Image shows artist Cat Coulter with her installation A Call for Change at Gallery 495 in Cellardyke, Fife.
Cat stands beside her installation, A Call for Change, which has been created with items washed up on the Fife coast. Image: Mhairi Edwards/DC Thomson.

“The seascape is knitted from creel ropes, nets and ribs,” she explains. The materials pay homage to the local lobster-fishing industry, while the knitting is a nod to the local women who knitted traditional ganseys for the fishermen.

Knitting the ropes was no mean feat, she says. “A lot of the stuff that washes up is really difficult to remove. Picking up litter is not difficult but some things are incredibly heavy. You don’t ever find a nice long, straight piece of rope. It’s always tangled and impossible to unravel, as if some sort of psychotic kitten has been playing with it!” laughs the artist.

A labour of love

So the rope needs to be untangled and scrubbed clean before she can do anything with it. “I just use hot water, detergent and elbow grease. It’s very, very hard work,” she agrees, “but making the things is quite satisfying.”
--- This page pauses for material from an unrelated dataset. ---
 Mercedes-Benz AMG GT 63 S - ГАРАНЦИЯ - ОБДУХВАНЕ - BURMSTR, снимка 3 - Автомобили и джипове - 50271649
The weight of the rope alone made knitting it something of a challenge. No ordinary knitting needles were going to be up to the job so she repurposed an extendable feather duster and an old broom handle. Once it was finished, she was at least sure that it would be able to stand up to the harsh conditions of a North Sea winter. “There is nothing quite as tenacious as fishing ropes,” she says.

A Call for Change by Cat Coulter is on display at Gallery 495 now.